I bought a Nexus S off eBay and found that the compass direction wanders even with the device laying still. Likewise, the display in Google Sky shakes around even with the resting on a stable surface, and it often doesn't align correctly with the stars. SkEye reports "Warning: Strange Magnetic field!". Calibrating using Advanced tools doesn't fix the problem.

I'm running ICS 4.0.3.

Doing some searching, I've found mention of other problems of the sort with the Nexus S. It's not clear whether these are just anecdotes suggesting that I have unit with a defect. Or perhaps there is a hardware or software design flaw and nothing wrong with this particular unit. Where does one look to determine if there is a pervasive problem with a given model and OS version? Anyone know specifically for Nexus S and ICS 4.0.3?

  • Happens to my brand-new store-bought Nexus S too. I'd always assumed that's simply the state of the art in smartphone compasses. (Google Sky, I assume, is genuinely buggy, since it shakes far more than seems reasonable, even given the flaky compass.)
    – offby1
    Mar 22 '12 at 20:07
  • Good point about Google Sky being buggy. Playing with the sensor speed and damping didn't help the shaking. SkEye doesn't hold still either, but it is better. Perhaps I got spoiled using Planets on an iPhone 4, where I've never experienced any problems. Do you get a "Strange Magnetic Field" warning in SkEye? Mar 23 '12 at 1:35
  • Just to verify, you don't have anything magnetic nearby, and you've tried waving the phone in a figure 8 pattern (at least that's the method on my HTC)?
    – BMitch
    Mar 23 '12 at 2:10
  • I've tried several locations to minimize chance of magnetic interference and verified that the iPhone doesn't seem to have any difficulty (but I avoid putting the two phones near each other when testing). I've tried calibrating with both the figure-eight motion and rotating on all three axes. Mar 23 '12 at 14:24

Had a Nexus S and experienced the same issue, which wasn't present in the Nexus One.

Though my online research, the unofficial stance was that this is a hardware defect in the product line that Samsung and Google either didn't notice or noticed too late to do anything about. The most appropriate place to complain about this would be the Google Product Forums. Here's a thread where this issue is being discussed.


...an alternative would be the call Samsung up and see if they will acknowledge that its a hardware flaw.

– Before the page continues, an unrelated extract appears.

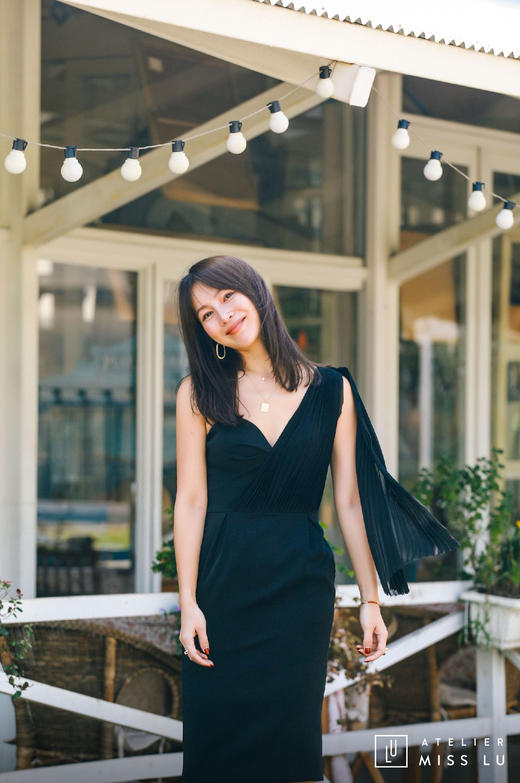 AtelierMissLu / Sinead-黑色单肩风琴褶飘带连身裙 商品图1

Unfortunately, I'm not aware of any fixes for the issue, and have found that although the work around (calibration) helps, the problem either doesn't completely go away or recurs soon after. Just to confirm, the behavior I noticed was:

  • In programs that display compass data (like Marine Compass) rotating the phone results in a partial rotation in the sensor data, followed by an unexpected 90 degree phantom rotation, according to the phone. This puts the displayed barring out of step with the true direction the phone is pointing.

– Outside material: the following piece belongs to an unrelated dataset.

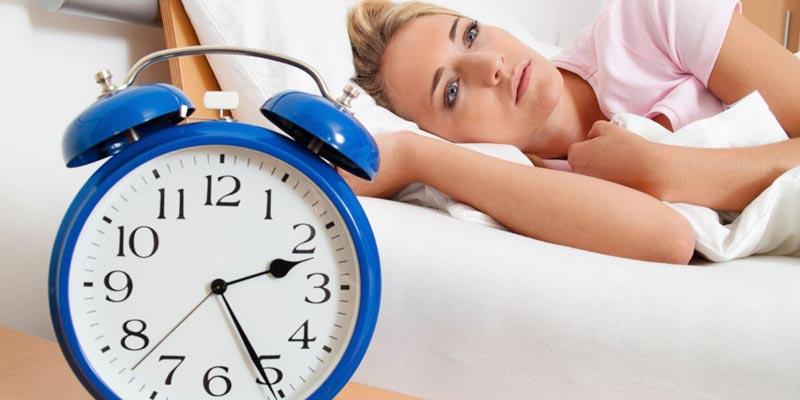 Lời khuyên từ chuyên gia dinh dưỡng: Không nên uống sữa khi bụng đói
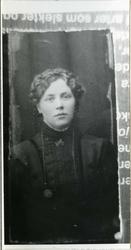 Portrett av Borghild Jakobsen. 1920.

  • In programs that try to display the full orientation of the phone including the direction it's pointing (like Sky Map) the display is shakey, and seldom provides a true indication of where the phone's actually pointing. Smoothing options result in slightly less shake, but the difference is marginal.

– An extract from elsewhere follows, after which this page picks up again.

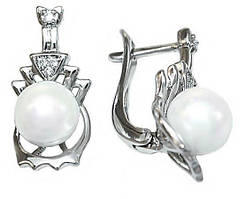 Сережки XР. Родій. Камені: білий циркон та перли. Довжина: 1,8 см. Ширина: 9 мм.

  • In spite.of this, games that depended on changes in orientation alone (like those games with the metal ball-bearings you need to guide through a maze--Labyrinth, if I'm not mistaken) worked flawlessly.

I decided to upgrade to a Galaxy Nexus, and noticed that the compass works like it should, and Labyrinth games continue to work. Sky Map, however is still jumpy.

  • 1
    I posted. We'll see if anything comes of it. At least I know it's not just my phone, which is what I wanted to know for now. Apr 4 '12 at 10:00

It's not the hardware gang, it's a programming flaw in Ice Cream Sandwich. My Galaxy Blaze's compass worked flawlessly until I upgraded from Gingerbread to ICS. It seems like they misconnected or merged two of the axies or improperly handled the data.